• **Problem description**:
For the material that follows, return exactly the lines from the one with "Mini Coach Pink Leather Crossbody Bag" through the one with "Canapé droit fixe", both ends included.

• **Data listing**:
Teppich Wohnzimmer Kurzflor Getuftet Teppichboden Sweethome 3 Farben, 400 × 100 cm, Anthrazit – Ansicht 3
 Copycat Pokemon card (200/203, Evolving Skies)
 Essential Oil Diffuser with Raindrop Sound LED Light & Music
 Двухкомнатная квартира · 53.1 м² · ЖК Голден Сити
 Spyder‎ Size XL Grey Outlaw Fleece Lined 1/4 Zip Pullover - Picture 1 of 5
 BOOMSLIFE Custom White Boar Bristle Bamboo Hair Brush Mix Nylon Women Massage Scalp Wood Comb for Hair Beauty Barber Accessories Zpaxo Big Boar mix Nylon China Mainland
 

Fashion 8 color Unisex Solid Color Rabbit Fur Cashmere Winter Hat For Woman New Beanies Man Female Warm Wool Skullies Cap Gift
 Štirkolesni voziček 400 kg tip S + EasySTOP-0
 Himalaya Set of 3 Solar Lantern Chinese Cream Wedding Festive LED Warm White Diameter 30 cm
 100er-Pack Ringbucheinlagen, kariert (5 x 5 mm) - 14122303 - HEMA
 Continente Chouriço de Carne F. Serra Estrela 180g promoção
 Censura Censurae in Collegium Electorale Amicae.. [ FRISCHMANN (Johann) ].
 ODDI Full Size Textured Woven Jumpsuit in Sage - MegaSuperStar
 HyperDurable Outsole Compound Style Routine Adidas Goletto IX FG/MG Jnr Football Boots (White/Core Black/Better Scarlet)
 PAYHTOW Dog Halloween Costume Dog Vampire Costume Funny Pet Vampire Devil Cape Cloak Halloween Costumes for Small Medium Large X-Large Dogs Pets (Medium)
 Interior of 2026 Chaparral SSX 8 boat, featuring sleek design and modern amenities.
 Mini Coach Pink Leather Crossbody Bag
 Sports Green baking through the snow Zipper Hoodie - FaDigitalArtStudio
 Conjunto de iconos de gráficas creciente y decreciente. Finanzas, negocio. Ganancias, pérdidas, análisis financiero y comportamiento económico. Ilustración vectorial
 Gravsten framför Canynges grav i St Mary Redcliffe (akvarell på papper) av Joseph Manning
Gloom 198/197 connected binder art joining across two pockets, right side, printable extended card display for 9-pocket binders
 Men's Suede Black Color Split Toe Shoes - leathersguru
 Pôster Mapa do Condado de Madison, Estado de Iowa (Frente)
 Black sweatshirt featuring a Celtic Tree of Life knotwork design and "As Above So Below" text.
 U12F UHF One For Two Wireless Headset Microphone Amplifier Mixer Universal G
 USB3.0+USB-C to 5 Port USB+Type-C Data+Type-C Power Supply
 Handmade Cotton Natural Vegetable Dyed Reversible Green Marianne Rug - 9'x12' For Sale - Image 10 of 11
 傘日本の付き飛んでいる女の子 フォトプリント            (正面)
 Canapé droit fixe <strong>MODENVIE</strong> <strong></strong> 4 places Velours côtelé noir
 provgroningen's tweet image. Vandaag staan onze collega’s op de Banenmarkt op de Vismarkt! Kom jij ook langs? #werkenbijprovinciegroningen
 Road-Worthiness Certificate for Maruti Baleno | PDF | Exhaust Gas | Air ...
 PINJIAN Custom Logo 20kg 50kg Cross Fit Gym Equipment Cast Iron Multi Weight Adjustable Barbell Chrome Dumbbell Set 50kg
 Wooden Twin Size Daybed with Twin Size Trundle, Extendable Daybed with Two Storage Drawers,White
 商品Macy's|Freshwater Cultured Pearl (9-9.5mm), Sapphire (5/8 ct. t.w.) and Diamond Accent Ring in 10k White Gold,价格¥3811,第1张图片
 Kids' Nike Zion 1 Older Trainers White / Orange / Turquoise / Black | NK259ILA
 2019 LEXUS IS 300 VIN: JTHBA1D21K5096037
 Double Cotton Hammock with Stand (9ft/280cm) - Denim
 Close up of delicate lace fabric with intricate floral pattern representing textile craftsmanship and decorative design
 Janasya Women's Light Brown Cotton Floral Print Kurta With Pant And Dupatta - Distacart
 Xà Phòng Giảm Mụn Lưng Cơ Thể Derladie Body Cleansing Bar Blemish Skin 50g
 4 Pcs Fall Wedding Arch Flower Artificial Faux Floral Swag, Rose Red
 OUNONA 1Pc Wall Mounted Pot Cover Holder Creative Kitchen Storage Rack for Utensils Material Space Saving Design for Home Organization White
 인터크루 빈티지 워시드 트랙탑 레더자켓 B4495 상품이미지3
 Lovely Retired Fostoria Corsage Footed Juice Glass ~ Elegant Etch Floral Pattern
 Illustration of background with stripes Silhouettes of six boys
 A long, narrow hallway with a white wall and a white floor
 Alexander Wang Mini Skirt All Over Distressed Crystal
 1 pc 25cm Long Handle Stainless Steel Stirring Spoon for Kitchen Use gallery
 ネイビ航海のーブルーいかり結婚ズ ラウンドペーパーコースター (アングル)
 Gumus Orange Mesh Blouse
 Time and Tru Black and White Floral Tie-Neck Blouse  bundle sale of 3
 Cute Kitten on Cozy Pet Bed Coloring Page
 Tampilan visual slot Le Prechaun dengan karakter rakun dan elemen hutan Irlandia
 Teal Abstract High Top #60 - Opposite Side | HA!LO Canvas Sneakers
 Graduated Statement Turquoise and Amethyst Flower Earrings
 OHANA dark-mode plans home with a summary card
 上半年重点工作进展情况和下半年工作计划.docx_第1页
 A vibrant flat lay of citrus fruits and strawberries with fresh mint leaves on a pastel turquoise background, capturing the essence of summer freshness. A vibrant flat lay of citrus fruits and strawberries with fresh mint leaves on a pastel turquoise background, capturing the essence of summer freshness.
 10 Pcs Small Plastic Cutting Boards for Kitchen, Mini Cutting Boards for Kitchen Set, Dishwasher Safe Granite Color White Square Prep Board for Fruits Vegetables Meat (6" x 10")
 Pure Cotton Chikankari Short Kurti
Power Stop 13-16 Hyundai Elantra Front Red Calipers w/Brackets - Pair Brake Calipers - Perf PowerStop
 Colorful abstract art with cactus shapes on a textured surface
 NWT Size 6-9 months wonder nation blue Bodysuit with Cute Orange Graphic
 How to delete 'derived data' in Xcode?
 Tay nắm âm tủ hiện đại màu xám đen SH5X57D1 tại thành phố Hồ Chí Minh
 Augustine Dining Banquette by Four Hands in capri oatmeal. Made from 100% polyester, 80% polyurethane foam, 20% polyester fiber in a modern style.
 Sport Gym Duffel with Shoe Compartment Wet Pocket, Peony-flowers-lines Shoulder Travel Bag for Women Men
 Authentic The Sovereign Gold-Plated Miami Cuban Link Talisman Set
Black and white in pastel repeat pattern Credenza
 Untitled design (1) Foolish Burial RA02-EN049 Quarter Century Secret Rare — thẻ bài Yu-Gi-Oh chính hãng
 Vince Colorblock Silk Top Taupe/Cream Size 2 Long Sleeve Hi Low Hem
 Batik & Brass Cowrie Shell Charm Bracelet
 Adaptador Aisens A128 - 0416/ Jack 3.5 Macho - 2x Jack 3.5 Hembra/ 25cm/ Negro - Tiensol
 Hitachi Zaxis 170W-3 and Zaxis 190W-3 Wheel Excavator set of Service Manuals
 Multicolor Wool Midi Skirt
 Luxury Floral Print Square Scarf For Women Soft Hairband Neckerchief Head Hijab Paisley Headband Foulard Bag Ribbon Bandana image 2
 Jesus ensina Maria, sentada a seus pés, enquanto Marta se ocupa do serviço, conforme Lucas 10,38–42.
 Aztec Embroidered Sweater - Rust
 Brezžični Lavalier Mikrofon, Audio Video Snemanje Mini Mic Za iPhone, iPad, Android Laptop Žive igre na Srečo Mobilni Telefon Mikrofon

• **Expected answer**:
 Mini Coach Pink Leather Crossbody Bag
 Sports Green baking through the snow Zipper Hoodie - FaDigitalArtStudio
 Conjunto de iconos de gráficas creciente y decreciente. Finanzas, negocio. Ganancias, pérdidas, análisis financiero y comportamiento económico. Ilustración vectorial
 Gravsten framför Canynges grav i St Mary Redcliffe (akvarell på papper) av Joseph Manning
Gloom 198/197 connected binder art joining across two pockets, right side, printable extended card display for 9-pocket binders
 Men's Suede Black Color Split Toe Shoes - leathersguru
 Pôster Mapa do Condado de Madison, Estado de Iowa (Frente)
 Black sweatshirt featuring a Celtic Tree of Life knotwork design and "As Above So Below" text.
 U12F UHF One For Two Wireless Headset Microphone Amplifier Mixer Universal G
 USB3.0+USB-C to 5 Port USB+Type-C Data+Type-C Power Supply
 Handmade Cotton Natural Vegetable Dyed Reversible Green Marianne Rug - 9'x12' For Sale - Image 10 of 11
 傘日本の付き飛んでいる女の子 フォトプリント            (正面)
 Canapé droit fixe <strong>MODENVIE</strong> <strong></strong> 4 places Velours côtelé noir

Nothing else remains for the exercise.